At around 16-17 years old I did not have a car. So I rode my bike or walked anywhere I wanted to go. Store managers sometimes searched my backpack or my person only to find I had not in fact shoplifted anything. Loss control or security guards would follow me around the store. Neighborhood watch people kicked me out. Police interrogated me about what had been doing and intended to do. This pattern of distrust about who I am was well prepared for as my father raised me to understand it could happen not just “the talk” but ongoing pointing out to think about how about how others perceive me. He wanted me not to get upset because my anger would play into their hands proving I am dangerous like they assumed. Also, just obeying commands to get out of the situation could prevent things from escalating out of control. (Interestingly work’s security expert gave the same obey advice when police are looking for a suspect.)

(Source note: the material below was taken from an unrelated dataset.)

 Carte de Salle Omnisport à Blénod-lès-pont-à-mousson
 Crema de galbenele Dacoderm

Every time it was upsetting. Even today almost two decades later, in the back of my head I know that I have to avoid behaviors that will draw suspicion because I am likely guilty until proven innocent. It is better to go into a store wearing a dress shirt or polo with slacks than shorts and a teeshirt. If I take my phone out of my pocket, then it stays out until at the cashier where putting something in my pocket is normal. And while I may think of wearing a basketball jersey so TSA thinks I am black not potentially arabic, never ever ever wear a hoodie because that slides me in the direction of appearing to be a criminal.

This is why I feel sad Trayvon Martin‘s family lost him because a self-appointed neighborhood watch character armed with a gun decided to follow, then chase, then ambush this 17 year old kid in a hoodie armed with Skittles and tea. Nothing can fully repair this.

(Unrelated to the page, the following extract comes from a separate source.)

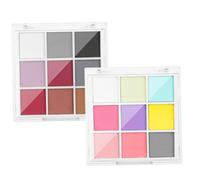 Tavolozza di polvere di pigmento per chiodo in polvere per unghie, 3x3 pollici 9 colori per un chiodo solido Polvere di polvere per unghie solido, polvere di pigmento neon regolabile dal colore fai-d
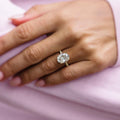 Old mine 6.60 Ct Oval Cut Moissanite Ring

Zimmerman, Trayvon’s killer, said on the 911 call Martin was acting guilty of something. This was also the stated reason the store managers, security guards, neighborhood watch, and police stopped me at Trayvon’s age. Who isn’t when creepy people follow them around?

The whole thing smacks me of Jean Charles de Menezes in 2005 London. A guy leaves his apartment. Guys follow him onto a train. He tries to run from them only they turn out to be police who shoot him. His crime was both living in an apartment building under surveillance and attempting to resist people who did not look like police but were.

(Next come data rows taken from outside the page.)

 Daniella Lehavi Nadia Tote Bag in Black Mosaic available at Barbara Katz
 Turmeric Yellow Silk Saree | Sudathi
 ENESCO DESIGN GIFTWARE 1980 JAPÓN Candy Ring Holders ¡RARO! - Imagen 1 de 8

Resist? Get shot. Run? Get shot. Do whatever the people with the guns say and maybe live to tell a lawyer.

Last weekend, a female friend, described how she would not be willing to just obey commands. As a big black guy, I have to worry about keeping people from worrying about me attacking them. If provoked, then they are going to put me down lethally or non-lethally. For my female friend, she has to worry about rape, but she is also does not present the physical threat I do. We have two completely different perspectives. But I think we understand each other’s.

NRA Poll

The National Rifle Association needs better pollsters. It might help to keep off the list people who are going to analyze your question for how it might be used and provide an answer just to be contrarian.

An “Andy Bush” (I think that was the name) asked in a phone poll:

Do you think 3rd world dictatorships and Hillary Clinton should determine US gun rights?

Apparently I was supposed to forget their own VP Wayne LaPierre in a recorded message (portrayed as live) described the United Nations as a bunch of 3rd world dictators. LaPierre has for years claimed the UN deliberations about buying the illicit arms in African war torn areas somehow means taking American firearms but omitted anything about Africa from his message. Shame on me for being well read to know the background information so as to not be completely swayed by the spin. In the recorded message he also described the United States Congress as willing to hand our country over to the dictators. (Whatever that means.)

This message and question are deliberately framed the so the only possible answer is “No.” At the time I could not see this question as possibly being shown in any publication as anyone would dismiss the question as so completely skewed the results are meaningless.

Such an attempt to manipulate me annoyed me, so I answered “Yes” just to waste as much of their time as they did mine. Andy Bush sounded confused when he asked me if I said “Yes”. He asked if I wanted to change my mind.